Pose estimation results on LM-O, TUD-L, and YCB-V under the view-pair setting of UNOPose. Object masks are obtained by SAM. The AR of the BOP metric and the average time per image are reported.
| Method | Modality | Reference | LM-O | TUD-L | YCB-V | Mean | Time |
|---|---|---|---|---|---|---|---|
| FPFH+RANSAC | D | Image | 31.0 | 31.0 | 50.0 | 37.3 | 6.38 |
| FPFH+MAC | D | Image | 22.5 | 22.1 | 49.6 | 31.4 | 136.94 |
| PPF | D | Image | 29.7 | 14.8 | 38.3 | 27.6 | 11.79 |
| PPF_3D_ICP | D | Image | 44.7 | 29.1 | 66.8 | 46.9 | 14.27 |
| FCGF+RANSAC | D | Image | 38.9 | 59.0 | 57.6 | 51.8 | 10.96 |
| FCGF+MAC | D | Image | 33.9 | 48.3 | 51.0 | 44.4 | 60.53 |
| UTOPIC | D | Image | 13.7 | 35.4 | 10.5 | 19.9 | 4.00 |
| GeDi | D | Image | 42.8 | 67.3 | 60.6 | 56.9 | 48.89 |
| FreeZe | RGB-D | Image | 45.5 | 68.3 | 65.5 | 59.8 | 52.96 |
| SAM-6D | RGB-D | Posed Image | 54.5 | 29.7 | 68.1 | 50.8 | 4.21 |
| SinRef-6D | RGB-D | Posed Image | 51.1 | 34.0 | 73.9 | 53.0 | 4.231 |
| CoordAR | RGB-D | Image | 46.7 | 52.1 | 67.3 | 55.4 | 6.063 |
| UNOPose | RGB-D | Image | 58.7 | 71.0 | 83.1 | 70.9 | 4.179 |
| COG | RGB-D | Image | 60.8 | 80.0 | 80.5 | 73.8 | 4.324 |
| Ours | RGB-D | Image | 61.2 | 82.0 | 86.7 | 76.6 | 4.232 |
Pose estimation results on Real275 and Toyota-Light under the view-pair protocol of Oryon and Horyon, where ground truth object masks are used. We compare RGB and RGB-D methods with only a single reference view.
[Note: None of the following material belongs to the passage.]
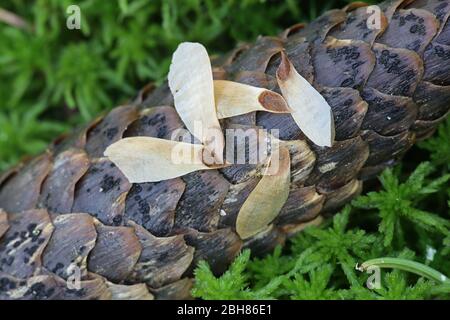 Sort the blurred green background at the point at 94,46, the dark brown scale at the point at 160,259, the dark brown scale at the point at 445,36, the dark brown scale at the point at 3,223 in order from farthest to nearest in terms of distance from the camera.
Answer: the blurred green background at the point at 94,46
the dark brown scale at the point at 3,223
the dark brown scale at the point at 160,259
the dark brown scale at the point at 445,36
| Method | Modality | Real275 AR | Real275 ADD(-S) | Toyota-Light AR | Toyota-Light ADD(-S) |
|---|---|---|---|---|---|
| PoseDiffusion | RGB | 9.2 | 0.8 | 7.8 | 1.2 |
| RelPose++ | RGB | 22.8 | 11.9 | 30.9 | 11.6 |
| LatentFusion | RGB | 22.6 | 9.6 | 28.2 | 10.2 |
| SIFT | RGB-D | 34.1 | 16.4 | 30.3 | 14.1 |
| ObjectMatch | RGB-D | 26.0 | 13.4 | 9.8 | 5.4 |
| Oryon | RGB-D | 46.5 | 34.9 | 34.1 | 22.9 |
| One2Any | RGB-D | 54.9 | 41.0 | 42.0 | 34.6 |
| Horyon | RGB-D | 57.9 | 51.6 | 33.0 | 25.1 |
| Any6D | RGB-D | 51.0 | 53.5 | 43.3 | 32.2 |
| UNOPose | RGB-D | 77.9 | 84.4 | 74.9 | 73.2 |
| SinRef-6D | RGB-D | 74.4 | 81.1 | 66.7 | 67.1 |
| ConceptPose | RGB-D | 60.4 | 71.5 | 51.6 | 55.0 |
| CoordAR | RGB-D | 71.0 | 82.2 | 62.5 | 82.6 |
| Ours | RGB-D | 78.1 | 86.2 | 78.4 | 80.0 |
Pose estimation results on LINEMOD. The upper block reports multi-reference methods, and the lower block reports single-reference methods. For all single-reference image methods, the first view is used as the reference.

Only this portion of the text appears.